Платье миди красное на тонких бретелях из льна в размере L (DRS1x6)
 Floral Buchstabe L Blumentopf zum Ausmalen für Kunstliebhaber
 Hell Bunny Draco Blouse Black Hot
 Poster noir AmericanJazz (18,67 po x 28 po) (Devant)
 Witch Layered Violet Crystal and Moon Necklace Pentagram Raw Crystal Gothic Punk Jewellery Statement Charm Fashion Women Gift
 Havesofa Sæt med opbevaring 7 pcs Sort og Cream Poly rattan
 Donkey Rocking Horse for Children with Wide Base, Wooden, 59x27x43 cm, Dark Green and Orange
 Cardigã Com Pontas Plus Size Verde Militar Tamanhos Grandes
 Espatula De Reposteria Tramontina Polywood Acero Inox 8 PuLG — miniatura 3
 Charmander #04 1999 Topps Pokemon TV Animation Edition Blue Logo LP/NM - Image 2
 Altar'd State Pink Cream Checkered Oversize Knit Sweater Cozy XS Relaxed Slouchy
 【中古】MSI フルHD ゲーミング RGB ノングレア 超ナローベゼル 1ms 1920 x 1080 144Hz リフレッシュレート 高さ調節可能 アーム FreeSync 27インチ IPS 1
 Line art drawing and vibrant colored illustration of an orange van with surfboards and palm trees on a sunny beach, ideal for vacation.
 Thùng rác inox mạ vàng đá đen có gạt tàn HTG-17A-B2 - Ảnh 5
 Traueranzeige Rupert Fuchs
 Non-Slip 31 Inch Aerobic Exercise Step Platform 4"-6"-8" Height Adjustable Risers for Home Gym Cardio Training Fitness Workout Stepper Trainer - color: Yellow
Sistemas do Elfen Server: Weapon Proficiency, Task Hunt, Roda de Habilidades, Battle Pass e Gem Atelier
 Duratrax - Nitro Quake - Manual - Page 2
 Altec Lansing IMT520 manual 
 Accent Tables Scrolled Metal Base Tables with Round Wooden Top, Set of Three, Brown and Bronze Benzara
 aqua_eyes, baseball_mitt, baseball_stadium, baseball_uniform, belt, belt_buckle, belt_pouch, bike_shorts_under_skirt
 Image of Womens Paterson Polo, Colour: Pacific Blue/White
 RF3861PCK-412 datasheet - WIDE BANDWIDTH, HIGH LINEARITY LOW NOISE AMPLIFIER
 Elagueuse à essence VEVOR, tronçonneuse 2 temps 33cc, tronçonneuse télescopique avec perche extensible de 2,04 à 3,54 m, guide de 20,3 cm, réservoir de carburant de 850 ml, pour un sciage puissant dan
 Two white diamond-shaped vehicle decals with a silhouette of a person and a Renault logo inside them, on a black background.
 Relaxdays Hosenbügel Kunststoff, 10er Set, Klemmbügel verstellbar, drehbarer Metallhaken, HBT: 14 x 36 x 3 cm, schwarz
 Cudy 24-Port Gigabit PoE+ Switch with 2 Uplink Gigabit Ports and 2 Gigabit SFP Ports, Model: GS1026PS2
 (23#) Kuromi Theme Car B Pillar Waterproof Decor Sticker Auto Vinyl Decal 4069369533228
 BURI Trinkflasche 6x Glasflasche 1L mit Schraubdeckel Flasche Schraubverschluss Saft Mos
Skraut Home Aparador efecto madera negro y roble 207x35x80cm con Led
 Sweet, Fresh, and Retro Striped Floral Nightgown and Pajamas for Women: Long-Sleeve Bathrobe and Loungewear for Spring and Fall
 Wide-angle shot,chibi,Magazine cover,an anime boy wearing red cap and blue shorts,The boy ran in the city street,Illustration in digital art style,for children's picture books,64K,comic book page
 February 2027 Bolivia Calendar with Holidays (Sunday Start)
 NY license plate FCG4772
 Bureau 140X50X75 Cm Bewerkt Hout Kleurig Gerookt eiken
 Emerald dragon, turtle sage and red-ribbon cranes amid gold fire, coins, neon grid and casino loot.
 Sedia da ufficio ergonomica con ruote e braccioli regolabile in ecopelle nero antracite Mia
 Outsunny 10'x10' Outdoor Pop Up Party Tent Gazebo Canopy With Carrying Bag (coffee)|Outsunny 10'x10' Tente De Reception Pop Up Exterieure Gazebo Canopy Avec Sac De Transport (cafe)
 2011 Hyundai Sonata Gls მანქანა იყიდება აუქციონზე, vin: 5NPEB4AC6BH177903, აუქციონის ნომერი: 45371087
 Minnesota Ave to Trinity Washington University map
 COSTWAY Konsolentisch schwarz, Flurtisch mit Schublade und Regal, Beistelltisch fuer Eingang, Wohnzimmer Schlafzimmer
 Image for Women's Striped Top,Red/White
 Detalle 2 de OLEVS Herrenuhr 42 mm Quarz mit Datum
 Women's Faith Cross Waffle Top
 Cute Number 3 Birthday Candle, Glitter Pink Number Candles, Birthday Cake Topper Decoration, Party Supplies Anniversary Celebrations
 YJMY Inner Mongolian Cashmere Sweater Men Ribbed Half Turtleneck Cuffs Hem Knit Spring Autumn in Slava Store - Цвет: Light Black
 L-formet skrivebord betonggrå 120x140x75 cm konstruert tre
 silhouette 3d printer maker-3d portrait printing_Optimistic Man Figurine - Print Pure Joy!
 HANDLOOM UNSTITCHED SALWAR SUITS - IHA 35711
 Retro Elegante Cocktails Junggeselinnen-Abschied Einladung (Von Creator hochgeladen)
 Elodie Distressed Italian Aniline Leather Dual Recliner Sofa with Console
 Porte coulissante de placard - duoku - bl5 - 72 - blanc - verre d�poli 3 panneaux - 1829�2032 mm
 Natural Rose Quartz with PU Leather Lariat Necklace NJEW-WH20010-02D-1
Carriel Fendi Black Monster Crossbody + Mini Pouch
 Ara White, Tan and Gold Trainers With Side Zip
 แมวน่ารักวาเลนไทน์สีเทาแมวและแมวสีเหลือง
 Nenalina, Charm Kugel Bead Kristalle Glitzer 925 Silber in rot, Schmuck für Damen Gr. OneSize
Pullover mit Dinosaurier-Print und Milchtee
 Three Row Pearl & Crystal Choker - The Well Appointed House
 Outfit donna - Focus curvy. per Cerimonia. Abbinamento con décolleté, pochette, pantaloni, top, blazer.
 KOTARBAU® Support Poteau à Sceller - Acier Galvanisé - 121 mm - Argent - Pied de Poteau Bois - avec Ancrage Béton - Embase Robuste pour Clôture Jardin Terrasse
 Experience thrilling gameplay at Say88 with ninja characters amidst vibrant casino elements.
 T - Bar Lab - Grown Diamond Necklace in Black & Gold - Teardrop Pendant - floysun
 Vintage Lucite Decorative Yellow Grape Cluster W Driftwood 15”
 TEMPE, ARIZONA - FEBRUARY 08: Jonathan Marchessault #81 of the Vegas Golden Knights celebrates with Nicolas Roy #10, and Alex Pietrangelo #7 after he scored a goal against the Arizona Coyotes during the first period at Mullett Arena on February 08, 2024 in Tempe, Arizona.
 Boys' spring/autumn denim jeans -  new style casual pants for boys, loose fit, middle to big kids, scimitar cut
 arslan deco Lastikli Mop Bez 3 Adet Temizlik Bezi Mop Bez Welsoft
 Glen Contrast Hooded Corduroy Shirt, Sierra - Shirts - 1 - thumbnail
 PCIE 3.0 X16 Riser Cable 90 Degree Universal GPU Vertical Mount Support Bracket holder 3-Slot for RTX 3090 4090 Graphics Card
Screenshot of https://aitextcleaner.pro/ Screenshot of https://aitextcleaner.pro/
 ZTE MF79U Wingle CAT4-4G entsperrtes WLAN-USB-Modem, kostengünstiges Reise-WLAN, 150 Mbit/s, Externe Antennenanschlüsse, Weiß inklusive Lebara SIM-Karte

▶ **Problem requirements**
I need each line of the entries that holds the string "vibrant" located and copied.

▶ **Result for this exercise**
 Line art drawing and vibrant colored illustration of an orange van with surfboards and palm trees on a sunny beach, ideal for vacation.
 Experience thrilling gameplay at Say88 with ninja characters amidst vibrant casino elements.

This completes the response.